Standard collection tools (legal in most jurisdictions). (1) ACH retry — funder retries debit up to NACHA limits (typically 2-3 retries per attempted remit). (2) Demand letter — formal written demand for full balance, typically triggers 10-30 day cure period. (3) UCC enforcement — UCC-1 filed at funding gives funder secured interest in receivables; funder can notify merchant's customers to pay funder directly (lockbox seizure). (4) Lawsuit — funder files in jurisdiction per governing law clause (NY/DE typical), seeks judgment for unpaid balance plus attorney's fees and interest. (5) Judgment enforcement — once judgment obtained, funder can levy bank accounts, garnish customer payments, seize business assets. (6) Personal guarantee enforcement — if PG signed, funder pursues owner's personal assets and credit.
Aggressive collection tactics (varies by funder and jurisdiction). (1) Customer notification — funder contacts merchant's customers and demands payments go directly to funder. Legal under UCC if proper notice given, but devastating to business relationships. (2) Lockbox arrangement — funder takes over merchant's payment processor or bank account; all receivables flow to funder until paid. Requires court order or merchant cooperation typically. (3) Confessions of judgment (COJ) — pre-signed agreements allowing funder to obtain judgment without merchant defense. New York banned for out-of-state defendants in 2019. Other states (Pennsylvania, Maryland) still allow with varying restrictions. (4) Third-party collection agencies — funder sells defaulted account or hires aggressive collector who may use harassment tactics. (5) Owner harassment — repeated calls, threats to family members, social media exposure.

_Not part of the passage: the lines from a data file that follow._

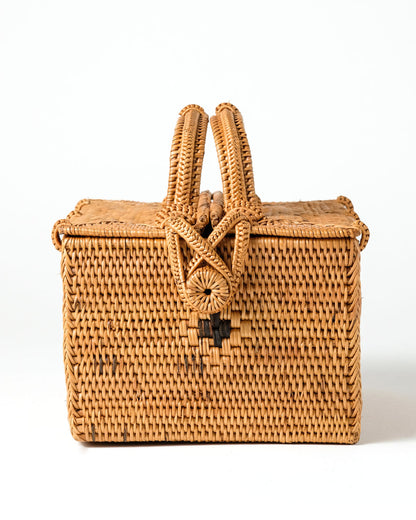 Caja Halus Mentawi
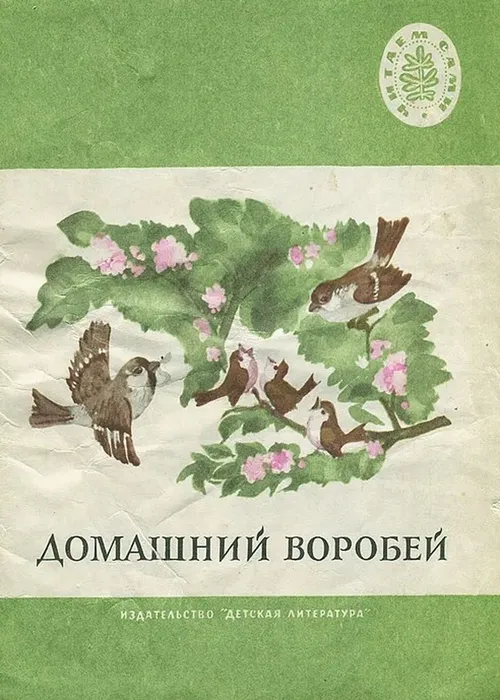 Скриншот 20-03-2026 112309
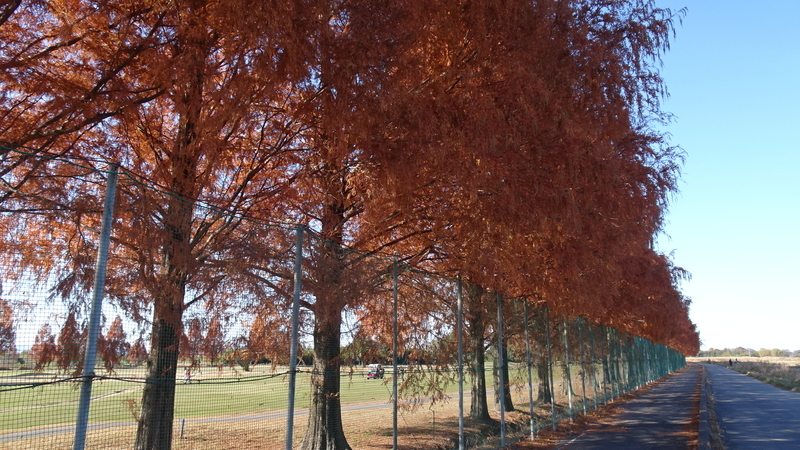 f:id:tomlin:20211205214913j:plain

Federal FDCPA limits some practices but only protects consumers, not commercial debt collection.
What's NOT legal (federally and at state level). (1) Harassment, threats of violence, threats of arrest — illegal under state debt collection laws and FDCPA principles. (2) Misrepresentation of legal authority — funder cannot claim to be law enforcement or government. (3) Contacting third parties (employees, customers) for purposes other than locating the debtor (without proper UCC notice procedure). (4) ACH retries beyond NACHA limits (typically 2-3) — additional retries violate NACHA rules and trigger bank chargeback. (5) Garnishment without judgment — funder cannot garnish wages or seize accounts without first obtaining a court judgment (except per UCC for receivables specifically).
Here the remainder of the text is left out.